Nell’aprile del 1995  Umberto Eco  venne invitato a tenere un simposio  alla Columbia University, la stessa dove oggi si arrestano gli studenti che manifestano per la Palestina e che occupano le biblioteche per i tagli ai finanziamenti pubblici, ed era lì per celebrare la LIBERAZIONE DELL’EUROPA dal nazifascismo, in quel grande paese che non ne aveva conosciute le nefandezze ma che oggi è avviluppato dal medesimo denso fumo nero,  e vi tenne un discorso memorabile “ Noi siamo qui per ricordare ciò che accadde e per dichiarare solennemente che “loro” non debbono farlo più”.  In questi giorni abbiamo celebrato gli ottant’anni da quella liberazione, un tempo lunghissimo, un tempo di pace e di euforia del benessere che ora evapora dinnanzi ai nostri occhi senza lasciar intravedere alcuna alternativa plausibile, nessun tentativo di innalzare l’argine alla gigantesca rimozione collettiva del FASCISMO ETERNO teorizzato da Eco in quel simposio, divenuto fondamentale capitolo dei Cinque scritti morali, e infine piccolo scrigno che vaga per il mondo da solo.

Il discorso di Eco, il  Fascismo Eterno  venne pubblicato subito dopo il simposio dalla  The New York Review of Books e  in Italia nel 1997,   anni dopo l’esperienza  newyorkese, e  anni prima del ritorno  delle destre populiste europee,   ma poiché il made in Italy anticipa le mode, in quel momento la Storia ci aveva traghettato nella seconda  Repubblica  consegnandoci al  Popolo delle Libertà, la coalizione di centrodestra in cui di nuovo c’era un partito separatista-federalista, la Lega Nord, oggi in totale incoerenza trasformatosi in partito nazionalista che non ricorda le sue origini, figuriamoci la Storia, un partito centrista con un gigantesco conflitto di interessi, privatissimi, e la destra vera erede del fascismo seppur con il naso incipriato, coalizione che in  quelle due fatidiche e sacre  parole, popolo e libertà, portava in nuce quella  che Eco definisce  una “sgangheratezza ordinata” del fascismo, parole oggi  fatalmente consonanti con populismo  e liberticidio.

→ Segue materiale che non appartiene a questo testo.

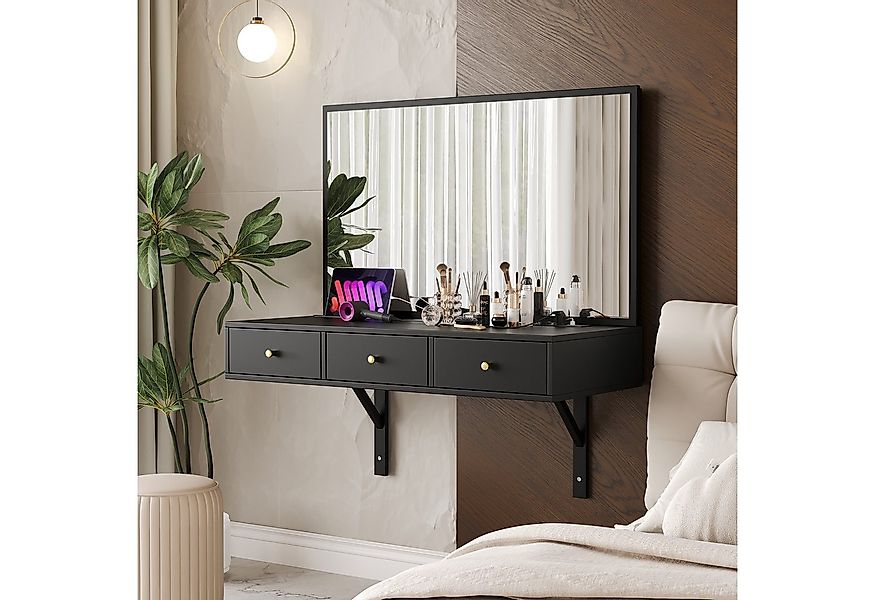 Flieks Schminktisch, Hängender Schminktisch 100x45x105cm mit Spiegel, Schub günstig online kaufen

Nel Fascismo Eterno, oltre che  ripercorrere la sua formazione e presa di coscienza del fascismo, che aveva conosciuto da adolescente, e del nazismo studiato negli anni successivi,  Eco illustra, motivandolo,  il proprio convincimento che il fascismo è eterno, è insito nella natura umana, è nelle origini, inossidabile e indistruttibile  e sempre ritornerà  ed elenca le caratteristiche  dei suoi fautori e sostenitori, che nel nostro tempo  riscontriamo nei tanti grandi e piccoli duci , Putin, Trump, Salvini, Kim Jong-Un, Orban  e tanti altri.  Da uomo e intellettuale acuto, ci avvisa che le caratteristiche dei fascisti tuttavia «non possono venire irreggimentate in un sistema; molte si contraddicono reciprocamente, e sono tipiche di altre forme di dispotismo o di fanatismo. Ma è sufficiente che anche una sola di loro sia presente per far coagulare una nebulosa fascista»

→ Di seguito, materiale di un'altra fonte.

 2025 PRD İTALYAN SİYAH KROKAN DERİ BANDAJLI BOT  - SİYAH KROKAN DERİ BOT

  1. Culto della tradizione, negazione dell’avanzamento del sapere, sincretismo: «Il fatto stesso che per mostrare la sua apertura mentale una parte della destra italiana abbia recentemente ampliato il suo sillabo mettendo insieme De Maistre, Guénon e Gramsci è una prova lampante di sincretismo» (pag.36);
  2. Rifiuto del modernismo, della modernità, dell’Illuminismo e del razionalismo;
  3. Culto dell’azione per l’azione, irrazionalismo, sospetto per la cultura e per il mondo intellettuale: «…intellettuali fascisti  principalmente impegnati nell’accusare la cultura moderna e l’intellighenzia liberale di avere abbandonato i valori tradizionali.» (pag.38);
  4. Rifiuto della critica: «il disaccordo è tradimento»;
  5. Paura della differenza, razzismo;
  6. Consenso dettato «dalla frustrazione individuale o sociale» tipico delle classi medie inclusa la nuova piccola borghesia (i vecchi “proletari”);
  7. Ossessione del complotto, xenofobia e antisemitismo «I seguaci debbono sentirsi assediati.» (pag. 40),
  8. I nemici sono al tempo stesso troppo forti e troppo deboli;
  9. Il pacifismo è collusione col nemico;
  10. Disprezzo per i deboli, elitismo popolare: «Ogni cittadino appartiene al popolo migliore del mondo, i membri del partito sono i cittadini migliori, ogni cittadino può (o dovrebbe) diventare un membro del partito» (pag. 43);
  11. Eroismo e culto della morte. «L’eroe Ur-Fascista è impaziente di morire. Nella sua impazienza, va detto in nota, gli riesce più di frequente far morire gli altri.» (pag. 44);
  12. Machismo «(che implica disdegno per le donne e una condanna intollerante per abitudini sessuali non conformiste, dalla castità alla omosessualità)» (pag. 45);
  13. Populismo qualitativo Tv o Internet, «in cui la risposta emotiva di un gruppo selezionato di cittadini può venire presentata e accettata come la “voce del popolo”» (pag.46), anti-parlamentarismo;
  14. Uso della “neolingua”: lessico povero, sintassi elementare.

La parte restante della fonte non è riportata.